Getting the most from EOS Utility

Photographers often ignore the free software that comes in the box but Canon's EOS Utility software provides a wide range of functionality that can make life easier and improve your workflow. So, ignoring it is either a mistake or, at the very least, a missed opportunity!

EOS Utility is installed via the software solutions disk that’s included in the box with every EOS digital camera. It's a part of the software suite provided by Canon that also includes Digital Photo Professional (DPP). Depending on your camera model it will need to be connected to your computer by either a USB or Firewire cable. Don’t forget to go into the camera menu to ensure that the correct setting is selected in the communication menu; normally this will be set to ‘Normal’ or ‘PC connect’ (it's worth checking your user manual to be sure).

Once the correct settings are made, start EOS Utility and switch on the camera. You will be presented with the initial screen:

The main screen of EOS Utility.

The application is extremely simple to navigate and is fully compatible with all EOS DSLRs, right back to the EOS D30. The key functions of EOS Utility are easily accessible from the main menu but there are some useful options that are not obvious, so there's a definite benefit to be gained from reading the whole user manual.

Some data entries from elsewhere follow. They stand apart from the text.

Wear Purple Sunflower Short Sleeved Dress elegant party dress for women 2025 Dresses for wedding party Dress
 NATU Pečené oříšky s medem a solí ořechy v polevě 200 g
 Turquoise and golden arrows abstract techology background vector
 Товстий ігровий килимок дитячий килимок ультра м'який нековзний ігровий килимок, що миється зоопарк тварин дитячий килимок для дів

The user manuals for EOS Utility and the rest of the software applications provided by Canon are on the ‘EOS DIGITAL Software Instruction Manual Disk’ in the box with your camera.

Select ‘Camera Control’ from the main window of EOS Utility.

Downloading images

Image download can be slow and a real nuisance - select a location, create folders, work out a naming scheme... the list goes on. EOS Utility provides two options for downloading files from the camera – batch download and download selected - and it creates and names folder automatically.

Selecting ‘Start to download images’ batch downloads all images on the camera memory card. By default images are saved into the pictures folder on your computer and sorted by date into sub folders. After download, the images are displayed in the main window of Digital Photo Professional.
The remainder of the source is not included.